Seems i did not express myself correctly. What i wanted to say is that i don't want to use a json type in the core part (the “business logic”) of a program. Obviously i'll use one in any serialization adapter / rpc part (which is the case in your example) if needed. Although i still hope that a solution giving the same level of abstraction than .net core, where you expose standard types, and the framework takes care of all the serialization / deserialization part, is doable in pure c++ (made some experiments there back in time, was fun but very hard to maintain and very limited in functionalities). Regards, Julien
On 2019-11-24 16:39, Vinnie Falco via Boost wrote:
I don't think so, the parser in boost.json is a SAX parser which is somewhat inconvenient for parsing directly into user defined types. It could be adapted into a generator using coroutines however.

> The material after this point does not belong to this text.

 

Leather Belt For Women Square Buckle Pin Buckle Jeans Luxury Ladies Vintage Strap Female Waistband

Your parser currently uses stack variables, so the adaptor has to use stackful coroutines which would incur two context-switches on every iteration.
On 11/23/19 7:18 PM, Lee Clagett via Boost wrote:
This entire section highlights my frustrations with the JSON format and most C++ JSON implementations. The bulk of cases are JSON -> specific data structure. The easiest implementation for JSON objects in C++ is storing all fields to a temporary DOM and then doing a lookup when mapping to a data structure. I wrote an implementation for msgpack (not fully tested :/) that uses C++ template variadics to skip the DOM step;
I did this for a related binary format called BinToken: https://github.com/breese/trial.protocol/tree/develop/include/trial/protocol... It supports both low-level iteration over the binary format, serialization directly into C++ data structures, and DOM parsing. I used to have a MsgPack (and UBJSON) implementation as well, but I did not upgrade them after a major redesign because I had no personal use for them.

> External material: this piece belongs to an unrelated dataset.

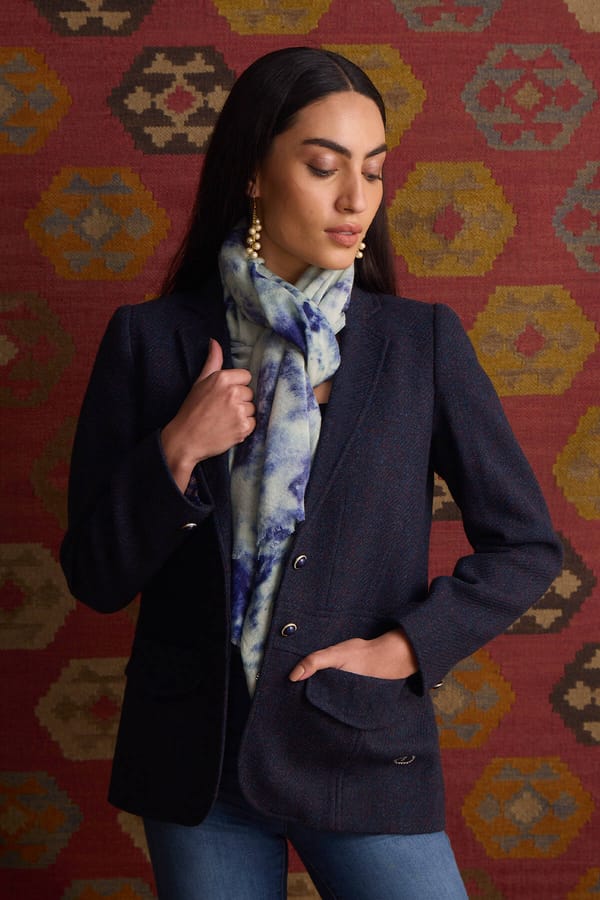 Navy Woolen Tailored Coat with Lapel Collar — YELL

On 11/17/19 7:31 PM, Robert Ramey via Boost wrote:
If someone wants to make a JSON version of boost serialization that's fine. But don't think that you can make an implementation which is independent of the C++ data structures being serialized.
It is a matter of serialization overloads. The ones provided by Boost.Serialization are free functions, where you cannot do partial specialization, so I had to forward everything to a struct as described here: http://breese.github.io/2015/12/20/partiality-for-functions.html If you want a JSON format with a different layout of JSON Objects, then you simply create and include a different set of overloads. The JSON archive remains the same.
On Sun, Nov 17, 2019 at 11:06 AM Robert Ramey via Boost
On 11/17/19 7:40 AM, Peter Dimov via Boost wrote:
Bjorn Reese wrote:
Should there be a JSON archive for Boost.Serialization?
There are many possible ways to write Boost.Serialization JSON archives, depending on the JSON produced. You could for instance output structs as `{ "x": 1, "y": 2 }`, or `[ "x", 1, "y", 2 ]`, or `[ 1, 2 ]`, or even `{ "size": 3, "data": [ 1, 2 ] }`.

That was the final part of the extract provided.